4. Entire Agreement. Except for the Separation Agreement and the Executive Obligations Agreement, this Agreement supersedes all previous agreements, promises, proposals and representations made between the parties, including any oral or written representations made by any representatives and/or agents of a party. No modification or amendment of this Agreement will be binding unless agreed to in writing and signed by all parties to this Agreement.


5. Counterparts. The parties may execute this Agreement in multiple counterparts, each of which constitutes an original, and all of which, collectively, constitute only one agreement. The signatures of all of the parties need not appear on the same counterpart, and delivery of an executed counterpart signature page by facsimile or other electronic means is as effective as executing and delivering this Agreement in the presence of the other parties to this Agreement.

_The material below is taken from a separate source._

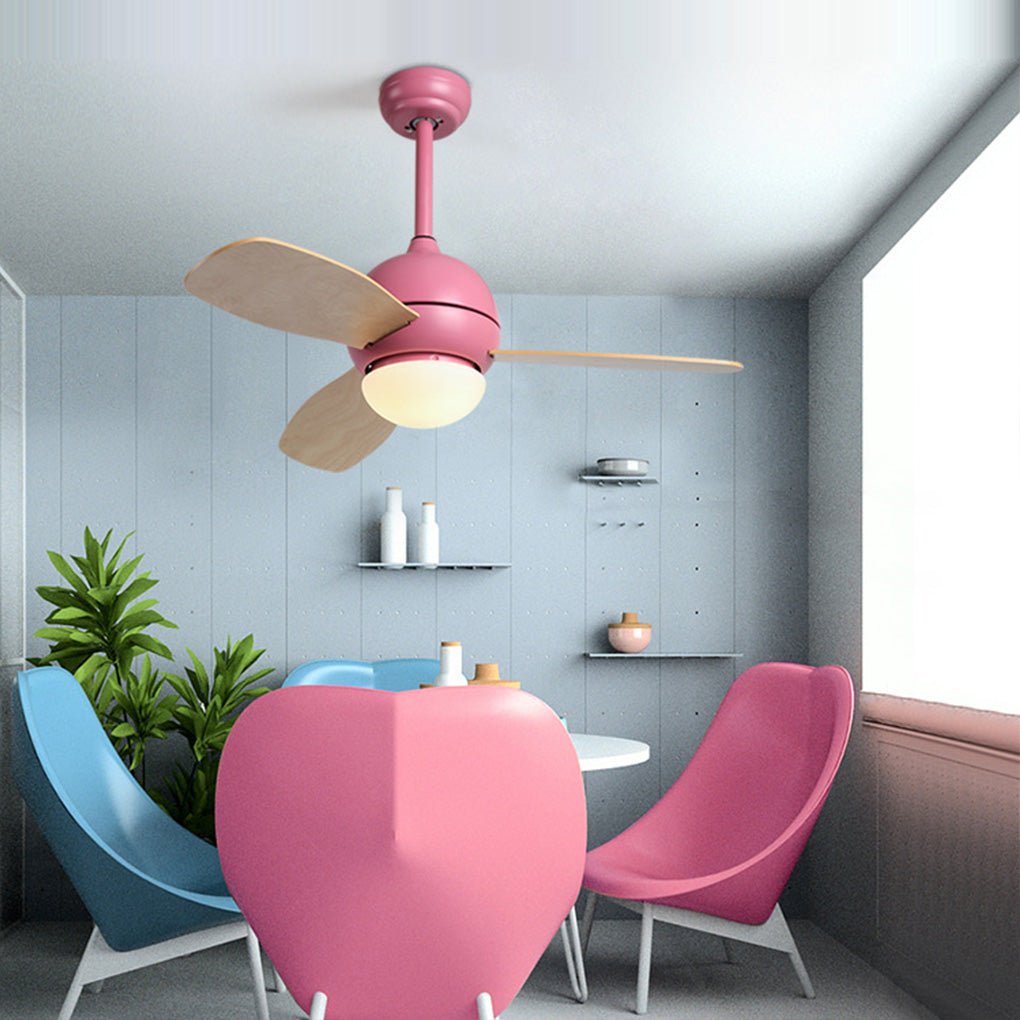 36'' Nordic Minimalist LED Ceiling Fan with Remote Control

6. Miscellaneous. The invalidity or unenforceability of any provision of this Agreement shall not affect the validity or enforceability of any other provision of this Agreement. A party’s failure to insist upon strict compliance with any provision of this Agreement or the failure to assert any right such party may have hereunder shall not be deemed to be a waiver of such provision or right or any other provision or right of this Agreement. This Agreement is freely assignable by LMAT and is binding upon and inures to the benefit of the parties and their respective successors and assigns, including any corporation with which or into which LMAT may be merged or which may succeed to its assets or business, although the obligations of Gebauer are personal and may be performed only by him.


7. Section 409A. The parties intend that this Agreement will be administered in accordance with Section 409A of the Internal Revenue Code of 1986, as amended (the “Code”). To the extent that any provision of this Agreement is ambiguous as to its compliance with Section 409A of the Code, the provision shall be read in such a manner so that all payments hereunder comply with Section 409A of the Code. The parties agree that this Agreement may be amended, as reasonably requested by a party, and as may be necessary to fully comply with Section 409A of the Code and all related rules and regulations in order to preserve the payments and benefits provided hereunder without additional cost to any party. LMAT makes no representation or warranty and shall have no liability to the Gebauer or any other person if any provisions of this agreement are determined to constitute deferred compensation subject to Section 409A of the Code but do not satisfy an exemption from, or the conditions of, such Section. All in-kind benefits provided and expenses eligible for reimbursement under this Agreement shall be provided by LMAT or incurred by Gebauer during the time periods set forth in this Agreement. All reimbursements shall be paid as soon as administratively practicable, but in no event shall any reimbursement be paid after the last day of the taxable year following the taxable year in which the expense was incurred. The amount of in-kind benefits provided or reimbursable expenses incurred in one taxable year shall not affect the in-kind benefits to be provided or the expenses eligible for reimbursement in any other taxable year. Such right to reimbursement or in-kind benefits is not subject to liquidation or exchange for another benefit.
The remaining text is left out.